Only the lines in the entries below from the line with "After moving 32" to the line with "Hey everyone, it's", both included, belong in the answer, transcribed exactly and without pictures.

### Dataset records
···

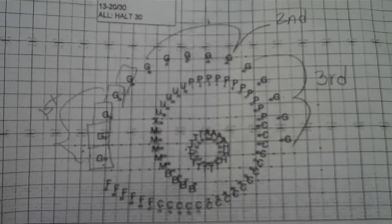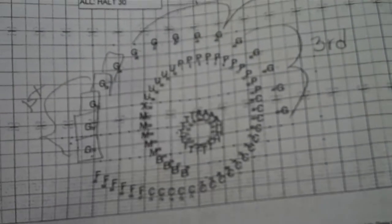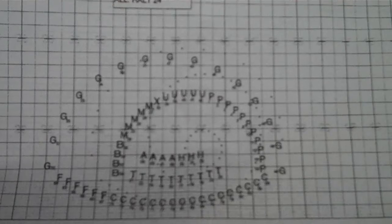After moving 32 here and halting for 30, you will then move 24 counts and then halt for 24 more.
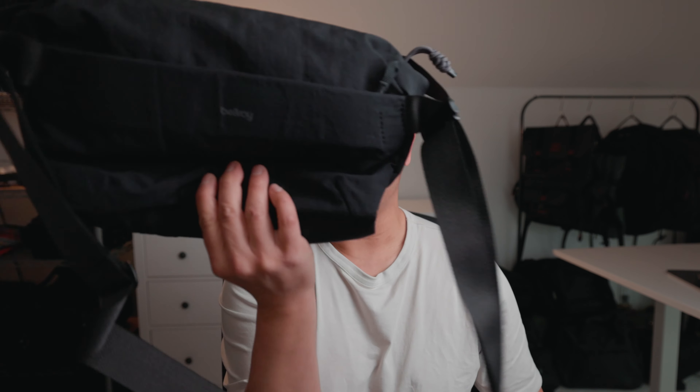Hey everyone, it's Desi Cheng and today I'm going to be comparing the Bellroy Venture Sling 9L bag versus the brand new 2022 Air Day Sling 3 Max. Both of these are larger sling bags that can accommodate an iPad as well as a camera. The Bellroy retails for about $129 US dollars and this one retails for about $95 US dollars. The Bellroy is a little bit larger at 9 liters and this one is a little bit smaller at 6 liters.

···

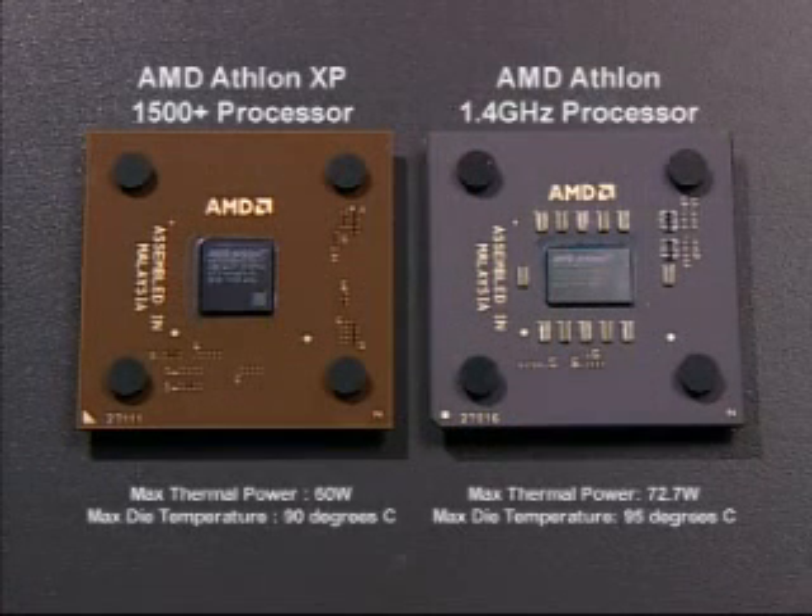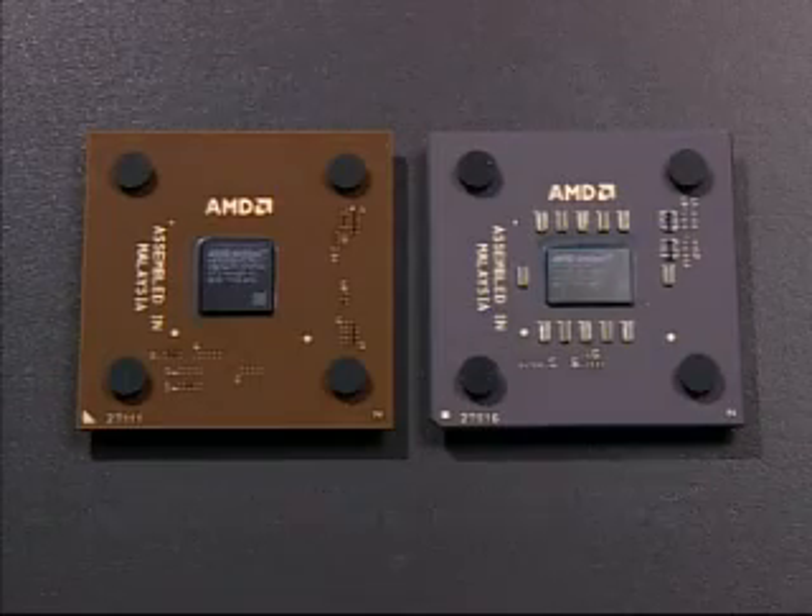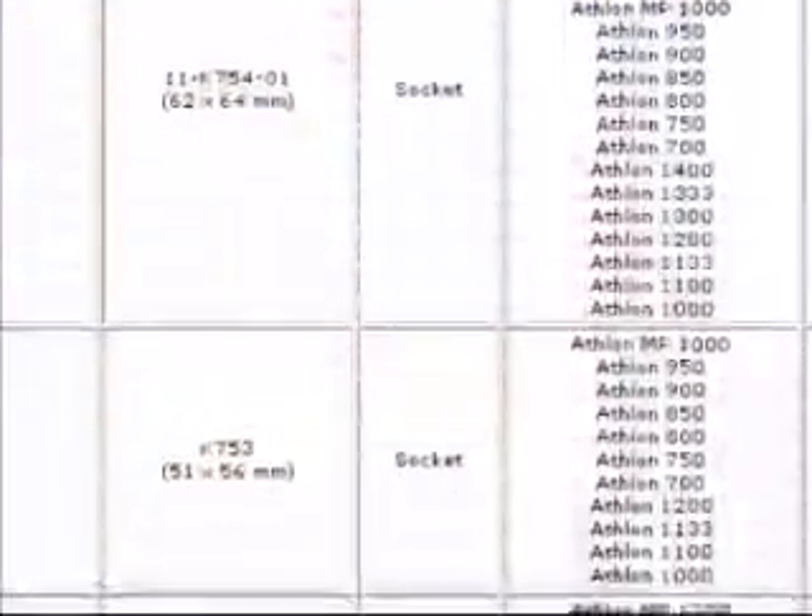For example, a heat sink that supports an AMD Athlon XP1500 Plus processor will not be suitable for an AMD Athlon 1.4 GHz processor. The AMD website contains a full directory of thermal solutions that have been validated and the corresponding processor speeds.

···

### Worked solution
After moving 32 here and halting for 30, you will then move 24 counts and then halt for 24 more.
Hey everyone, it's Desi Cheng and today I'm going to be comparing the Bellroy Venture Sling 9L bag versus the brand new 2022 Air Day Sling 3 Max. Both of these are larger sling bags that can accommodate an iPad as well as a camera. The Bellroy retails for about $129 US dollars and this one retails for about $95 US dollars. The Bellroy is a little bit larger at 9 liters and this one is a little bit smaller at 6 liters.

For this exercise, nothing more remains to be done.